Money: Most places in Canada and Alaska accept credit cards. Some places only accept a particular card. Williston Lake Air in MacKenzie, for instance, only accepts Visa. We would, however, secure some Canadian cash. You never know when you may have to purchase a 5 gallon can of gas or buy a candy bar in a small store.
Survival Gear lists the survival equipment and supplies required by regulation to be carried in your aircraft when flying in Canada and Alaska. One of the most useful items that we have discovered for life in the north is a Leatherman. Many members would not consider flying without one on their belt.
Charts and Supplements: All charts and supplements can be purchased through Sporty's Pilot Shop and AOPA. Again, prepare for all routes as weather will dictate your path. The following is the minimum recommended materials for flying the route from Edmonton, Alberta to Anchorage. Your route from home base to Edmonton, or some other point along the Alaska Highway, will dictate any additional charts you may need.
Anchorage area airspace is very busy. There are special regulations that dictate routes to and from Merrill Field.

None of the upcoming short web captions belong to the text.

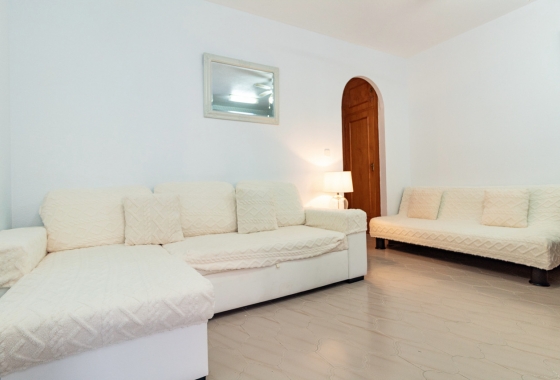 Resale - Apartment / flat - Torrevieja - El Chaparral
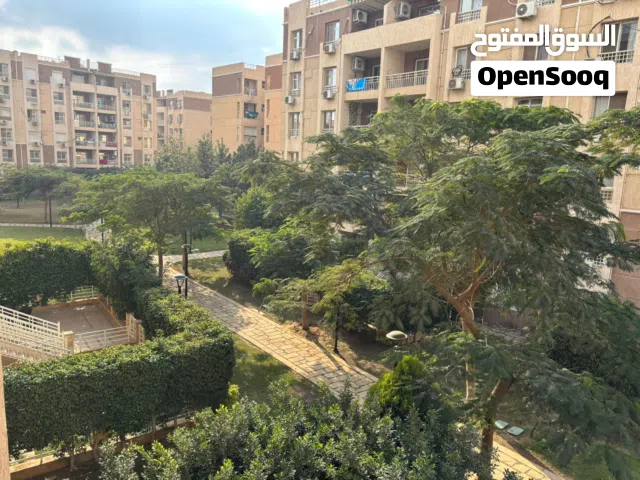 شقه نص مفروش بمدينتي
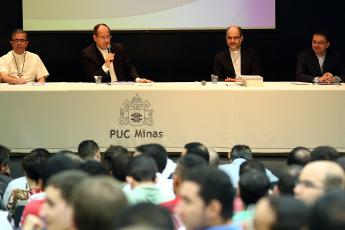 Dom Marco Aurélio, o grão-chanceler Dom Walmor, o reitor Dom Mol e o padre Evandro Maria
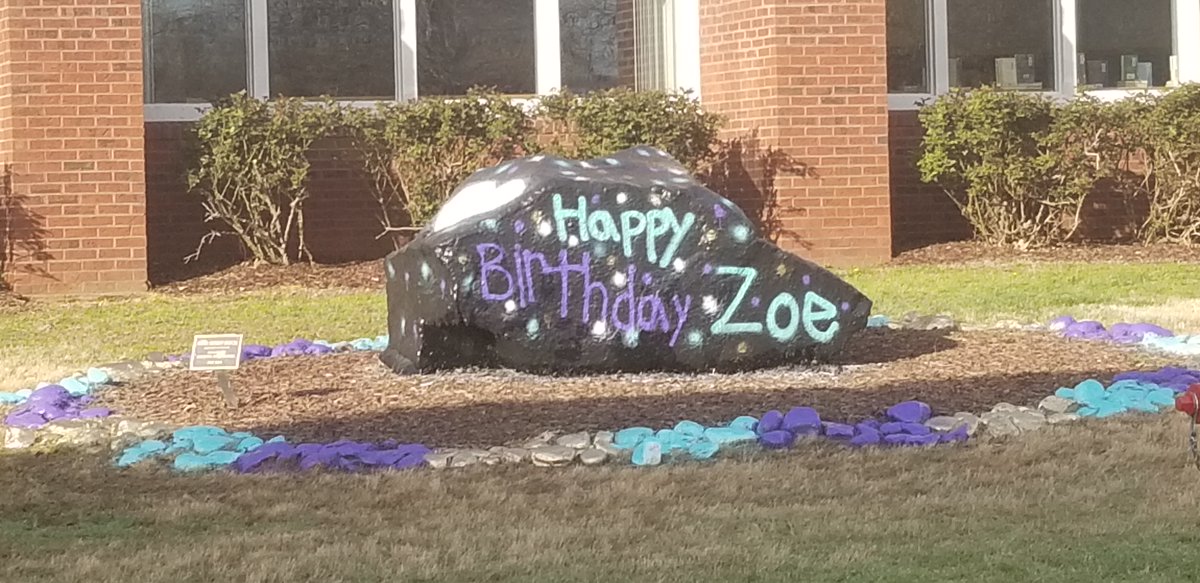 HMSPatriotsPTA's tweet photo. 🥳Happy birthday, Zoe!!!🥳  We hope your birthday weekend was super-fun!!  @HeritageMiddle1    #TheHeritageWay https://t.co/iylFEcFnDk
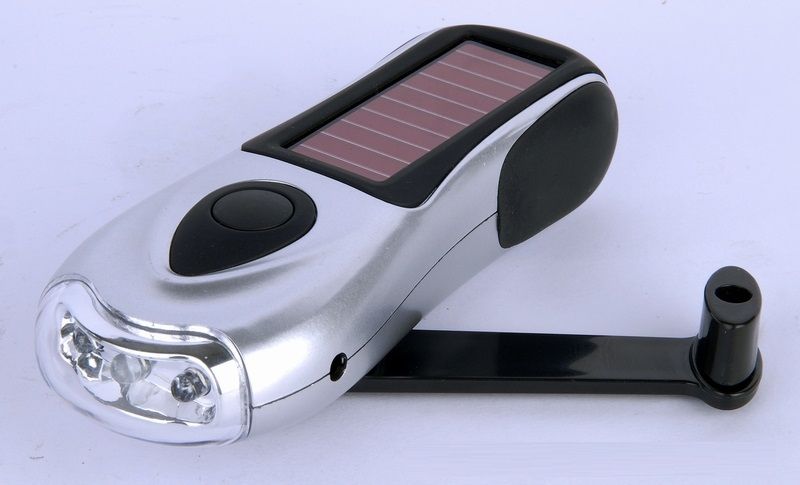 Solar powered flashlight 3LED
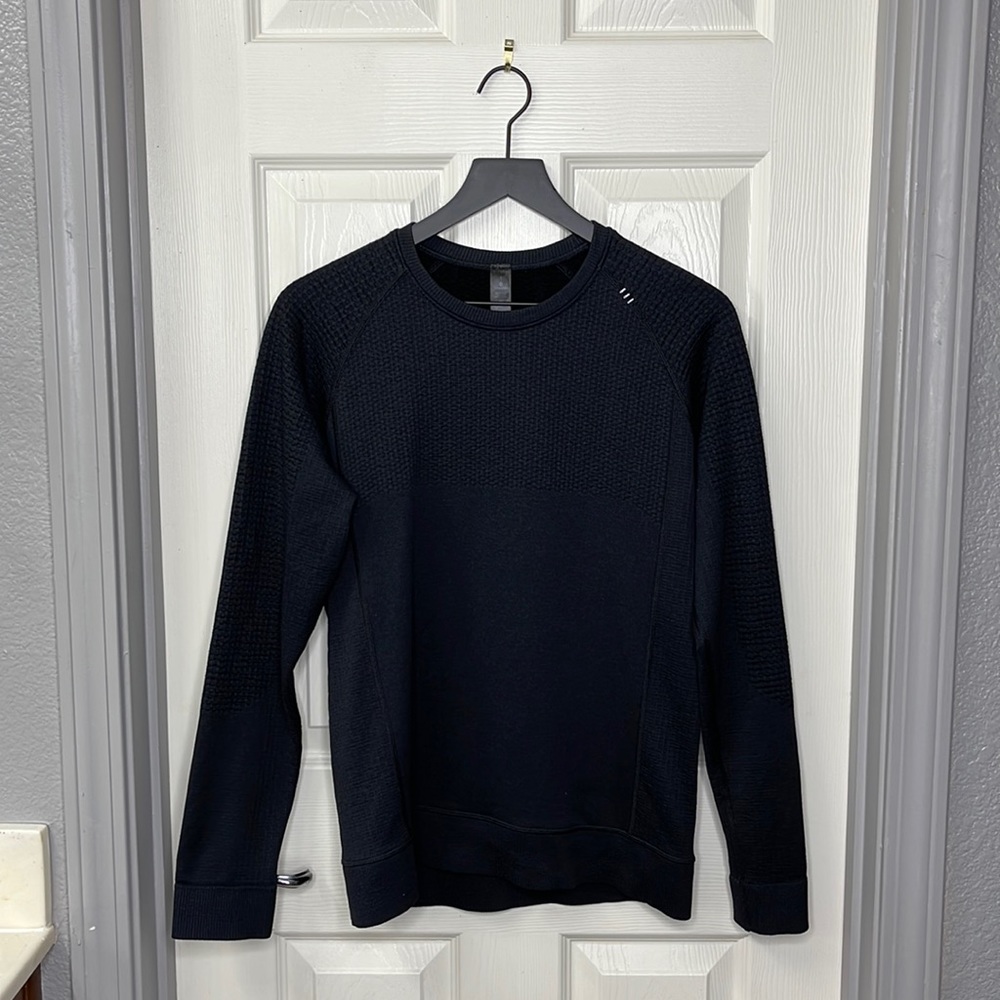 Engineered Warmth long Sleeve Lululemon 🍋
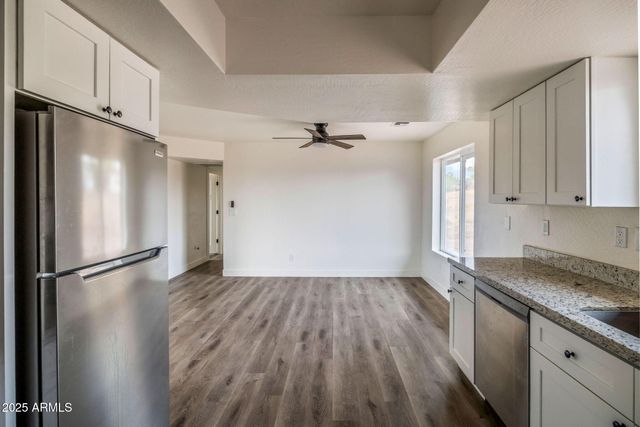 1955 W 9th Street, St Johns, AZ 85936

Information on the Anchorage, Alaska Terminal Area is available on the web at www.alaska.faa.gov/ata/general.htm.
OTHER RECOMMENDED ITEMS
The Milepost is "The" guide of north country road travel. It will give you information about the communities, routes and other history of the Alaska Highway as well as all other north country routes.
The Alaska Airmen's Association Logbook contains extensive information on flying to and in Alaska. The book is currently being updated and is out of print. You may be able to locate previous editions. Alaska Airmen's Association can be contacted at (907) 245-1251.
AOPA has several publications available for members flying in Canada and Alaska.
Although most of your flying will be through valleys and open taiga, if you have never flown in mountainous country, we highly recommend reading any of the many publications or watching the various videos on mountain flying.
Good VFR chart reading skills are necessary. VORs are few and far between. LORAN coverage in Northern Canada is spotty. GPS works well and is your best choice for radio navigation. There are several NDBs. Canada has one frequency for enroute flight service and that is 126.7; Monitor this frequency enroute.
Obviously your plane needs to be in good mechanical condition. There are some sections of pretty desolate country where you will have no radio contact. Most major airports have mechanics available. Getting parts can sometimes be a challenge. we recommend you bring the minimum of tools and spare parts that you are comfortable with. Larger communities such as Whitehorse, Anchorage and Fairbanks are very aviation oriented and finding services and parts are usually easy. Merrill Field has several A&Ps and parts suppliers that can facilitate oil changes and any other maintenance once in Anchorage. Prices are very reasonable.
You do not need twelve inch tail numbers to fly through Canada as you are not crossing any ADIZ lines.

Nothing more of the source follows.